**Data for analysis:**
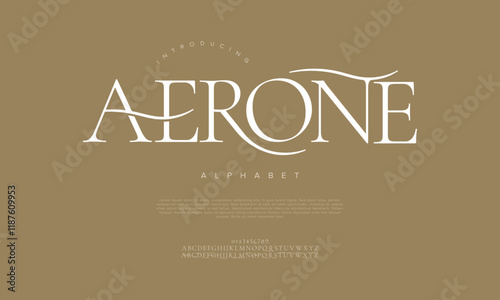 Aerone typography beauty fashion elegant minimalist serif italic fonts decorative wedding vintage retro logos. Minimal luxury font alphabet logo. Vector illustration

==

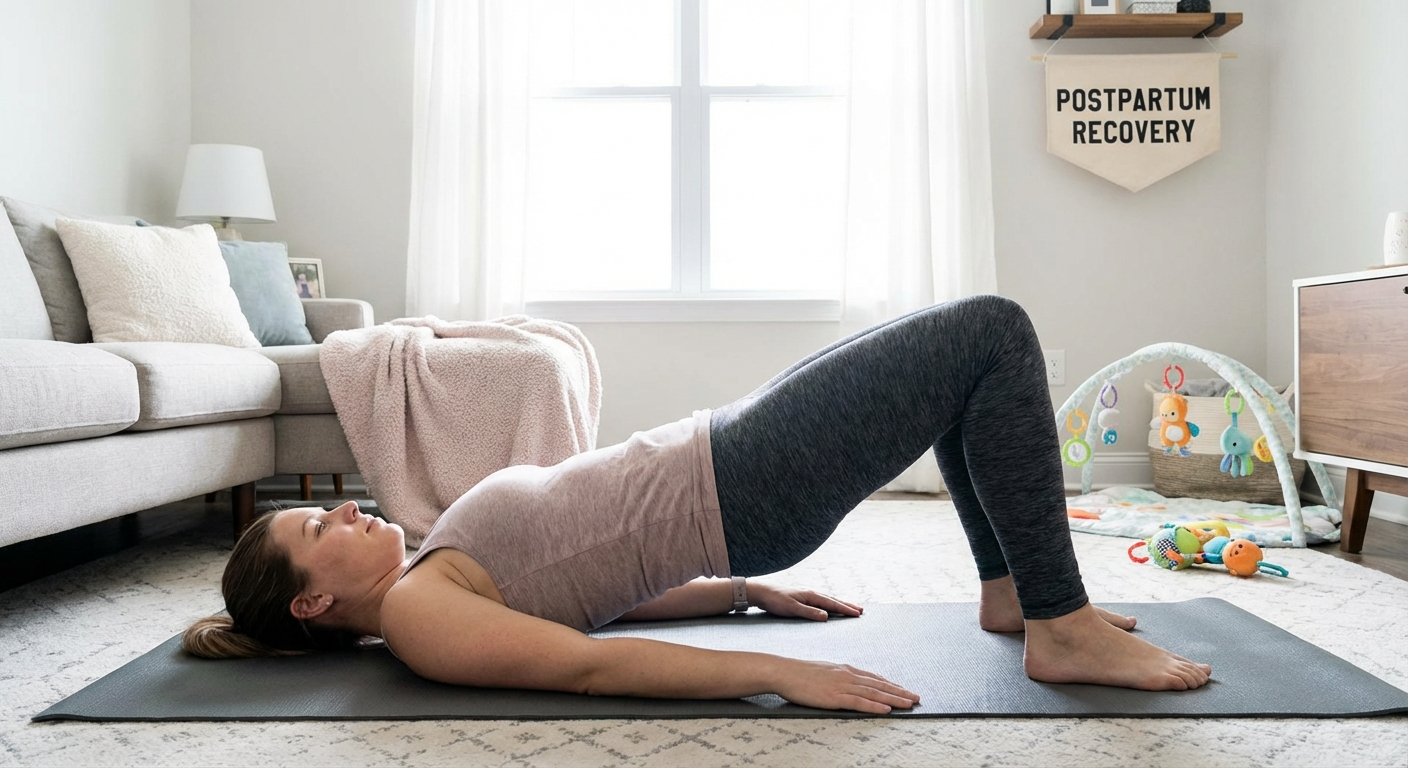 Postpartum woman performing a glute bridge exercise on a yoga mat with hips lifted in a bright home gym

* * *

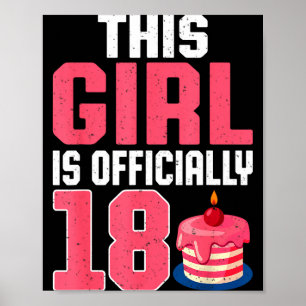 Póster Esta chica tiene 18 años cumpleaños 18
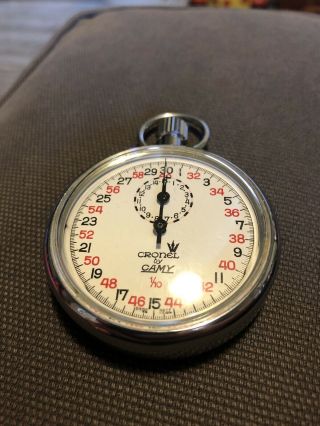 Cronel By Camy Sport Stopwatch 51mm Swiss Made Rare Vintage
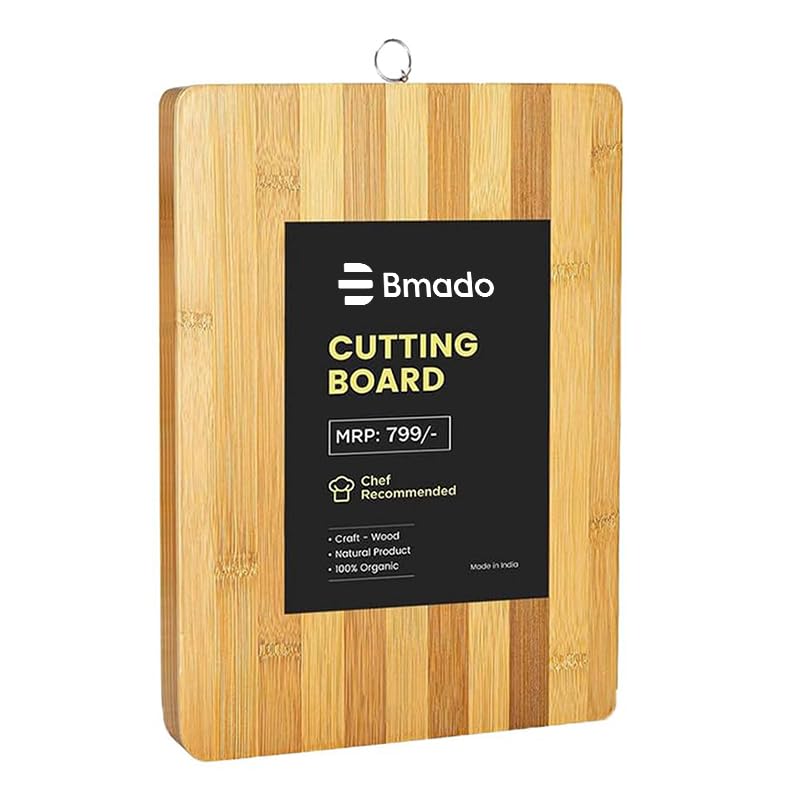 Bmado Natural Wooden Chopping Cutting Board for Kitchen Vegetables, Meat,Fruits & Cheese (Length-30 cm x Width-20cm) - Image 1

**Prompt:** Copy the entries above exactly, but only the stretch from the line containing "Cronel By Camy" through the line containing "Bmado Natural Wooden". Keep both end lines; drop the pictures.

**Solution for this problem:**
 Cronel By Camy Sport Stopwatch 51mm Swiss Made Rare Vintage
 Bmado Natural Wooden Chopping Cutting Board for Kitchen Vegetables, Meat,Fruits & Cheese (Length-30 cm x Width-20cm) - Image 1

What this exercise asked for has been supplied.